[Start of section]

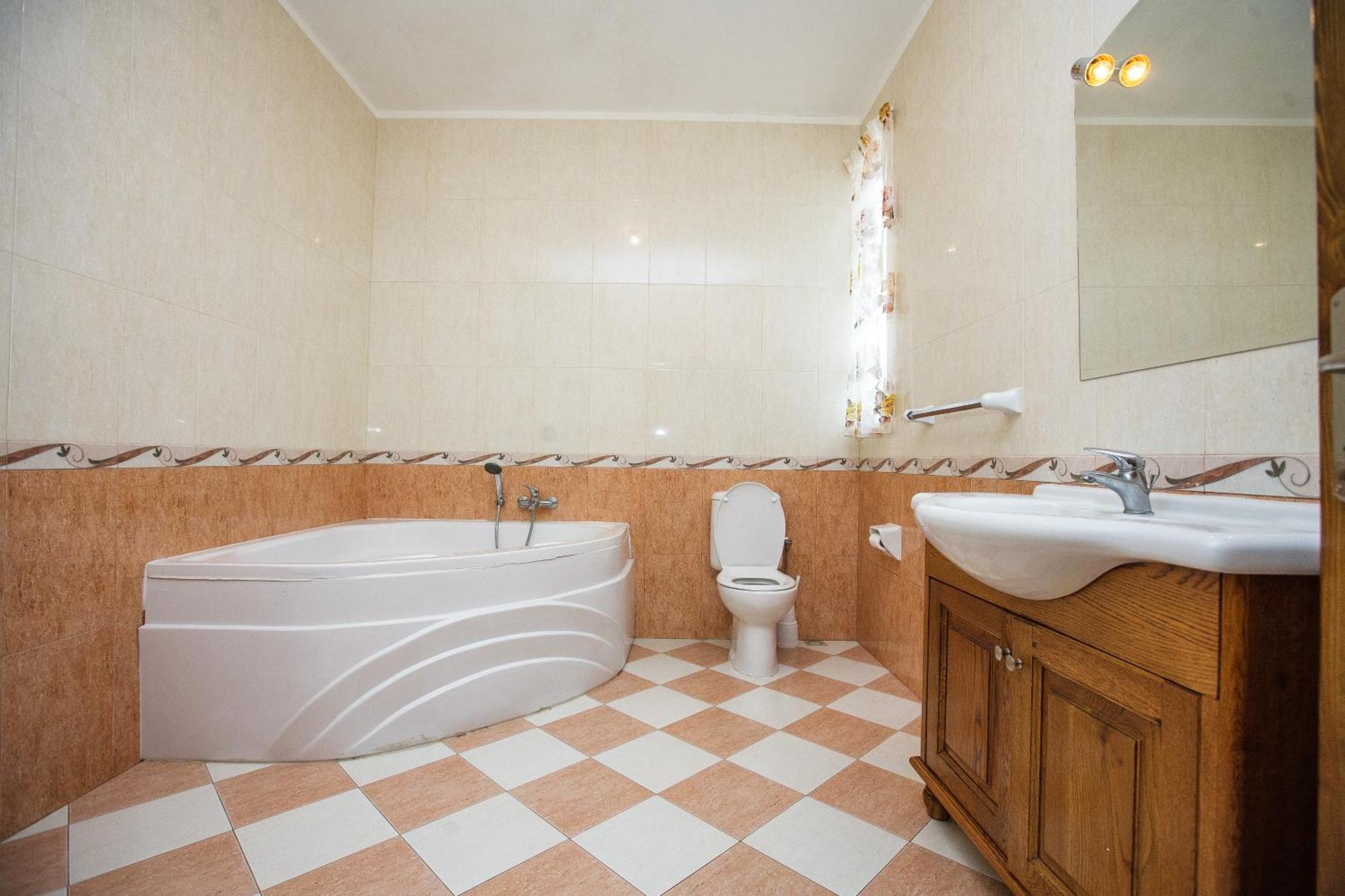 Hili Complex Apartment Zebbug  ห้อง รูปภาพ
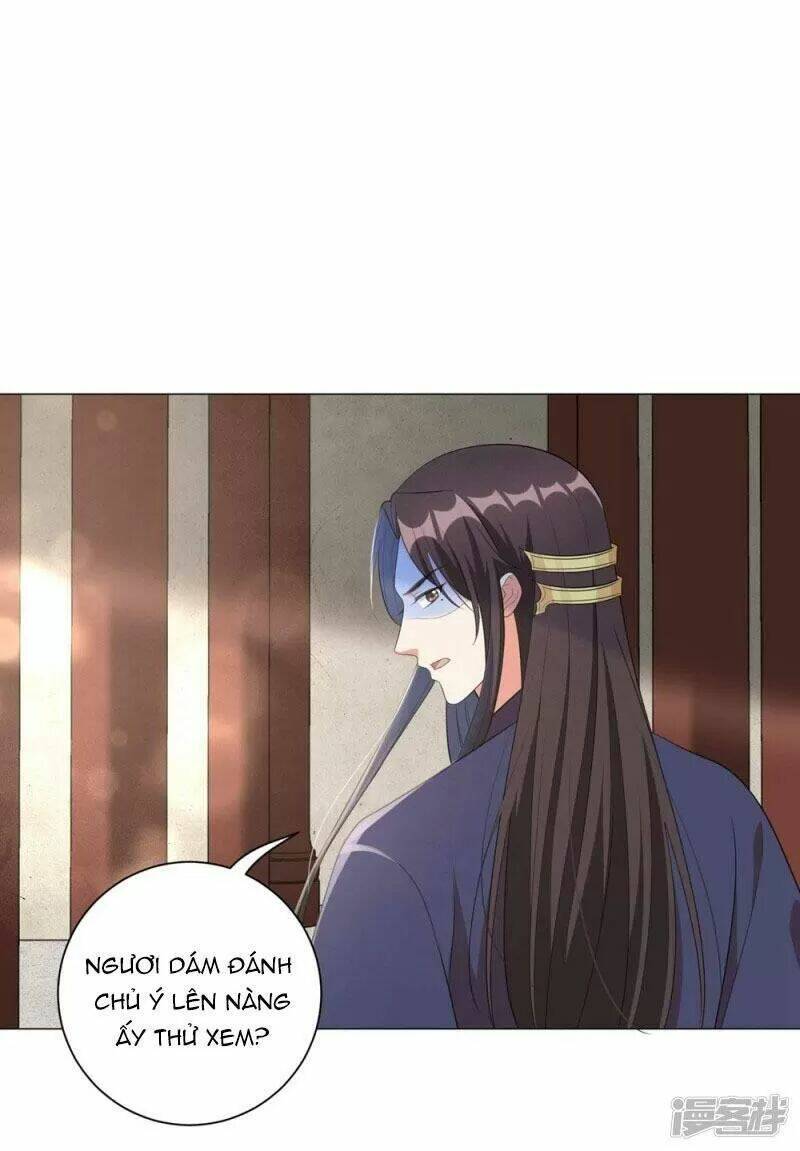 Vương Phi Có Độc!: Chapter 46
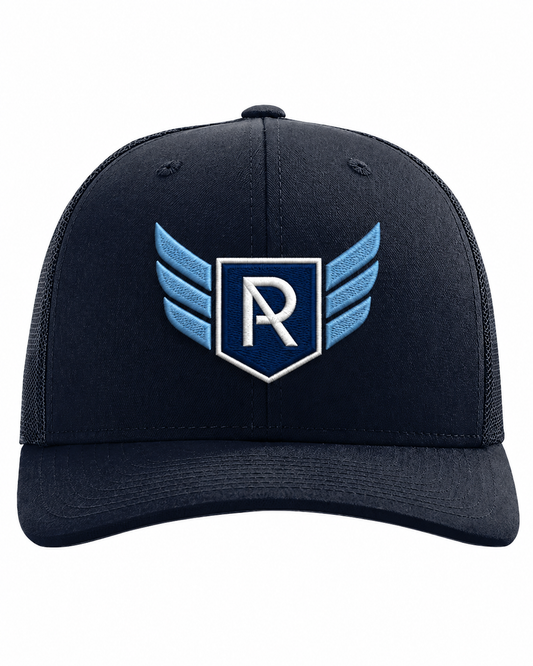 Snap back Baseball hat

[End of section]

Task instructions: Each line from the one with "Vương Phi Có Độc!: Chapter 46" to the last line of the listing should be returned exactly, both ends included, and no picture with them.

Your response:
 Vương Phi Có Độc!: Chapter 46
 Snap back Baseball hat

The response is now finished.